Wayne McGregor: As someone who’s been toying with computers since I was young, it’s clear to me that the world of technology can be just as creative as the world of dance. I’m wondering how Google encourages such an amazing amount of creativity in an office environment?

Nikesh Arora: Well, you hire really smart people and try not to constrain them. And you definitely want to have different opinions around the table. These are not just gender issues or race issues or color issues – this is way beyond that. You have to create an environment that thrives on diversity of opinion. The last thing I want is a room full of people waiting for someone to give them the right answers. In many instances, there isn’t one right answer.

McGregor: Absolutely. In fact, one of the things that we try not to do is look for an answer right away, but rather try and identify interesting questions, and then see where they lead us.

Arora: I think in the creative process there has to be friction in the room. If there aren’t diverse opinions, you’ve got one big collective blind spot. You simply won’t get the best result if there is not enough opposition to an idea. That is why at Google we tell people: “Don’t hire everybody just like you, because you will not be able to appreciate other points of view.”

“I always work the best with collaborators where there is a bit of tension.” — Wayne McGregor

McGregor: I’ve also noticed that I always work the best with collaborators where there is a bit of tension – where there aren’t immediate sympathies, or where ideas take time to emerge. Diverse input is important to my work as well. I’m not just there to tell the dancers what to do, but to inspire something interesting from them that actually makes me think differently and changes the way in which I am creating a dance. The choreographic process is a fantastic example of distributed cognition – someone shares an idea; another takes an aspect of it and takes it in a different direction. You iterate it; it changes.

But it’s not just between the dancers. We typically work with a range of collaborators: scientists, composers, geographers, or anthropologists. What I like to have in the room is a range of knowledge sets that actually change the way in which we think. This idea of knowledge transfer is really important.

Arora: As I see it, if we’re open enough to be able to take lots of different inputs, put them together and see if we can come up with something cohesive, then we are definitely moving in the right direction.

McGregor: It’s hard to know where the creative process is going to take you. I am a great believer in not getting rid of anything because you don’t know whether or not it is going to be useful. Much later on something might become useful at the point where you are most blocked. But you don’t know that initially, so I don’t edit early on. But you just swim and forage in this sea of ‘stuff,’ with inputs from all sorts of people and places. At some point over a period of time a shape starts to emerge and you realize that this bit is useful for that bit.

Arora: That happens with us, too. Sometimes we will be working on an idea to address one objective and it doesn’t end up delivering on the objective but it triggers three more ideas about something else that are equally as important. We’ve also found that “failed” ambitious projects often yield other dividends. As you say, you never know where the creative process is going to take you.

McGregor: I think the trick is that there also has to be some kind of driver, there has to be some way to facilitate an idea. Once an idea is targeted, what do you do with it? You have to help it emerge, flourish and then push it even further.
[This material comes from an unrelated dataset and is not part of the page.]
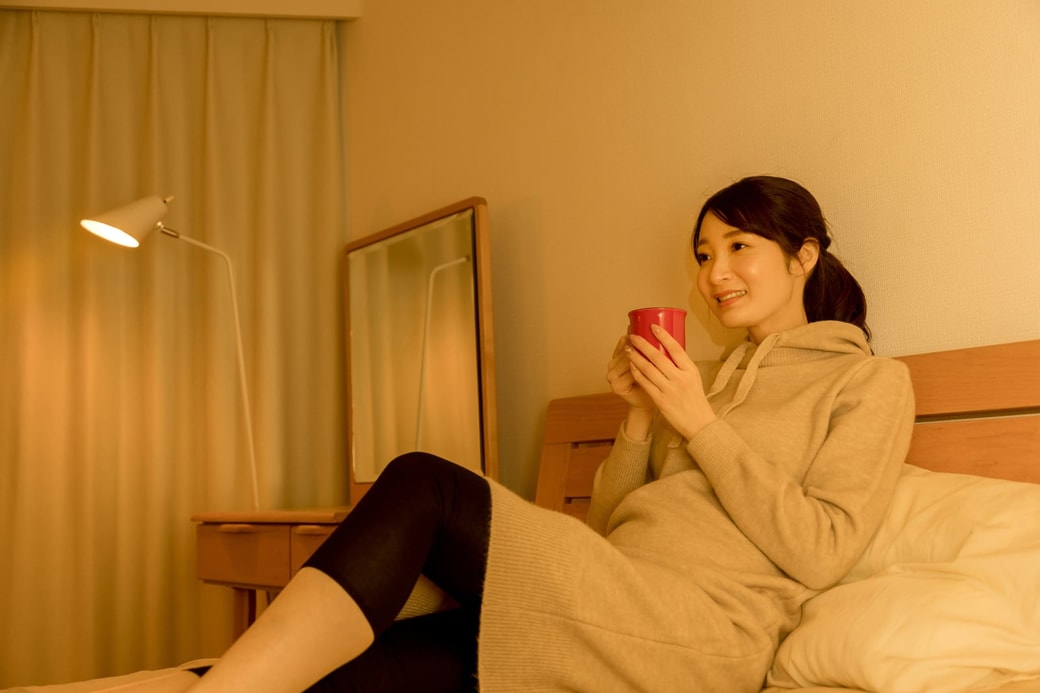 寝る前の女性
Arora: I find that it’s a fine balance between structure and creativity. To manage creativity, you have to make sure that there is light-touch management, where people can actually come up with their own ideas and debate them effectively. If you try and impose too much structure, people lose their creativity.
On the flipside, you don’t want too much debate, because you also need some execution. The individual needs to decide when to be extremely creative and when to be pragmatic to get something done.

McGregor: For me, it comes down to a sense of play within the team. If you are in a safe space where experimentation is the expectation, then you are going to take risks. You are going to fail a lot of the time; you are going to end up on the floor falling over one another laughing. But it builds a kind of intellectual equity, a fantastic collegial way of responding. I think this play, which is a form of misbehaving, if you will, is important because what we are really trying to do is to constantly challenge and stimulate ourselves to work outside of our habits. To recognize them and find strategies to move away from them.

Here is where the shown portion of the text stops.